Little known is the fact that the UN building in Baghdad also housed the World Bank. Back in May, the World Bank sent a senior bank diplomat along with Sergio Vieira de Mello, the UN Special Representative in Iraq (killed in the blast )"to assess reconstruction and development needs on the ground," according to the WB's website. Back in April the World Bank and the IMF issued a joint press statement on how they "stand ready to play their normal role in Iraq's re-development at the appropriate time." And based on their past track record, what is the "normal role" played by the World Bank and IMF? Answer: Structural Adjustments Programmes which result in slower economic growth, austerity measures, poverty and unemployment. So again, the United Nations is viewed in the same light as is the IMF and World Bank, and to many grudge-bearing Iraqis is a suitable target.
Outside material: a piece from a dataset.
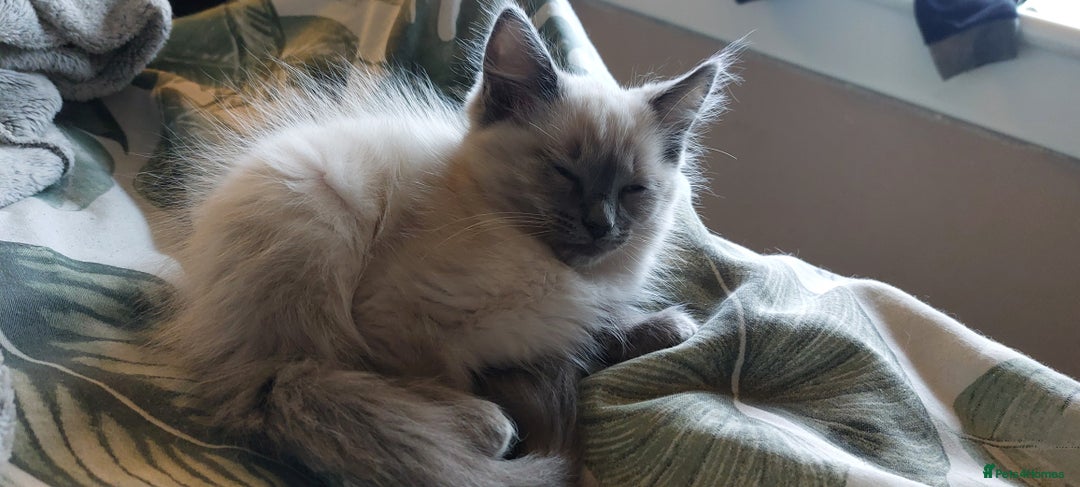 Ragdoll cats for sale: Ragdolls ready for forever homes 😻 2 males left  in Biggar - Image 9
Neither is the fact that the US invaded Iraq whilst the world protested, killing 8,000 civilians in the process, ostensibly because Saddam refused to reveal his non-existent chemical weapons, lost on Iraqi people. Iraq clearly posed no threat to the US and neither did it invade the United States or Britain or any other country destined to send forces there to police the country. Iraq no more rolled the red carpet out for US forces than it welcomed with open arms the World Bank, the IMF, Halliburton, Parsons Group, Stevedoring Services of America, and a myriad other companies set to make vast profits from the country’s oil and the rebuilding and reconstruction of Iraq.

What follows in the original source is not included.